OGH vom 26.01.2005, 3Ob309/04v

Kopf

Der Oberste Gerichtshof hat durch den Senatspräsidenten des Obersten Gerichtshofs Dr. Schiemer als Vorsitzenden sowie die Hofräte des Obersten Gerichtshofs Dr. Pimmer, Dr. Zechner, Dr. Sailer und Dr. Jensik als weitere Richter in der Exekutionssache der betreibenden Partei Ing. Alfred H*****, vertreten durch Dr. Peter Ponschab, Rechtsanwalt in Wien, wider die verpflichtete Partei Karl K*****, vertreten durch Lansky, Ganzger & Partner Rechtsanwälte GmbH in Wien, wegen 109.009,25 EUR sA, infolge Revisionsrekurses der betreibenden Partei gegen den Beschluss des Oberlandesgerichts Wien als Rekursgericht vom , GZ 2 R 167/04z-21, womit der Beschluss des Handelsgerichts Wien vom , GZ 20 Cg 9/03g-12, abgeändert wurde, in nichtöffentlicher Sitzung folgenden

Beschluss

gefasst:

Spruch

Der Revisionsrekurs wird zurückgewiesen.

Text

Begründung:

Der Kläger und nunmehrige betreibende Gläubiger beantragte auf Grund eines Wechselzahlungsauftrags, gegen den Einwendungen erhoben worden waren, gegen den Beklagten als nunmehr Verpflichteten - nachdem der Vollzug der zuvor bewilligten Fahrnisexekution in der Wohnung des Verpflichteten (auch nach Öffnung des Safes und der Dokumentenlade) ergebnislos geblieben war - nun zur Sicherstellung der Wechselklageforderung beim Prozessgericht die Bewilligung einer weiteren Sicherstellungsexekution. Denn der Verpflichtete sei früher Geschäftsführer eines namhaften Unternehmens mit überdurchschnittlichem Einkommen gewesen und gut situiert, habe Lebensversicherungen unterhalten und müsse Bankkonten besitzen. Begehrt werde die Bewilligung der Pfändung der dem Verpflichteten gegen A) 21 näher bezeichnete österr. Versicherer als Drittschuldner I. aufgrund der zwischen ihm und diesen bestehenden Lebensversicherungsverträgen angeblich zustehenden Ansprüche und Forderungen auf Leistung im schon eingetretenen oder künftig eintretenden Erlebensfalle (Einmal-/Ablösezahlung, fortlaufende Rentenzahlung), auf Leistung im Kündigungs- und Rücktrittsfalle (Rückkaufswert) und auf Leistung aus welchem Rechtstitel immer, II. auf Grund der zwischen den Eltern des Verpflichteten und den genannten Versicherern bestehenden, den Verpflichteten begünstigenden Lebensversicherungsverträge angeblich zustehenden Ansprüche und Forderungen auf Leistung im Ablebensfalle der Eltern (Versicherungssumme), B) 15 näher bezeichnete österr. Banken als Drittschuldner aufgrund bestehenden Kontoeröffnungsvertrags, Kreditvertrags, Wertpapierdepotvertrags und gleichartiger Vertragsverhältnisse, welcher Bezeichnung auch immer, als Kontoinhaber, Kreditnehmer, Depotinhaber und dergleichen angeblich zustehenden Ansprüche und Forderungen auf Auszahlung von Geldbeträgen (aus Kontoguthaben, nicht ausgenütztem Kreditrahmen, Wertpapiererträgnissen und dergleichen).
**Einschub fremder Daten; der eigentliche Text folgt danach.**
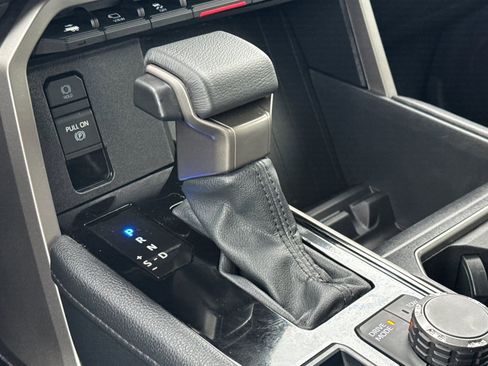 Certified 2025 Toyota Tundra Limited image 18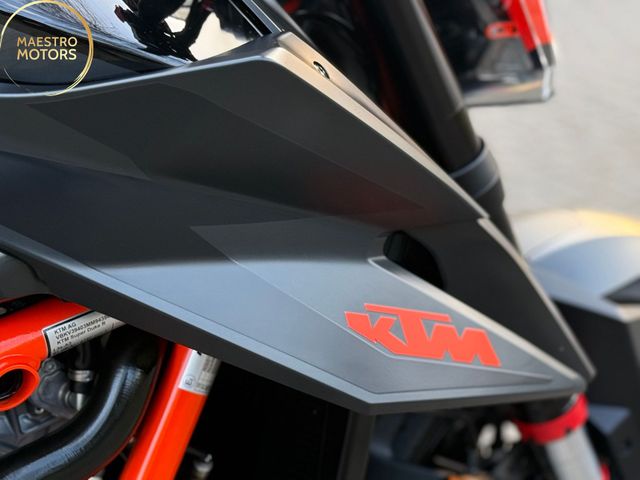 ktm - 1290-super-duke-r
Das Erstgericht bewilligte den neuerlichen Exekutionsantrag.

Das Rekursgericht wies über Rekurs des Verpflichteten diesen Exekutionsantrag ab. Gemäß § 54 Abs 1 EO habe der Antrag auf Exekutionsbewilligung nicht nur die Parteien genau zu bezeichnen, sondern auch das Exekutionsobjekt, welches durch ein geeignetes Vorbringen so zu individualisieren sei, dass eine Verwechslung mit anderen Vermögensobjekten auszuschließen sei. Bei der Forderungsexekution sei diesen Erfordernissen entsprochen, wenn der Drittschuldner so bezeichnet sei, dass den Parteien des Exekutionsverfahrens und dem Drittschuldner klar sei, wer gemeint sei, und sowohl der Verpflichtete als auch der Drittschuldner erkennen könnten, welche Forderung in Exekution gezogen sei. Dies sei hier nicht der Fall, es solle offenbar „auf Verdacht" (Sicherungs)Exekution geführt werden.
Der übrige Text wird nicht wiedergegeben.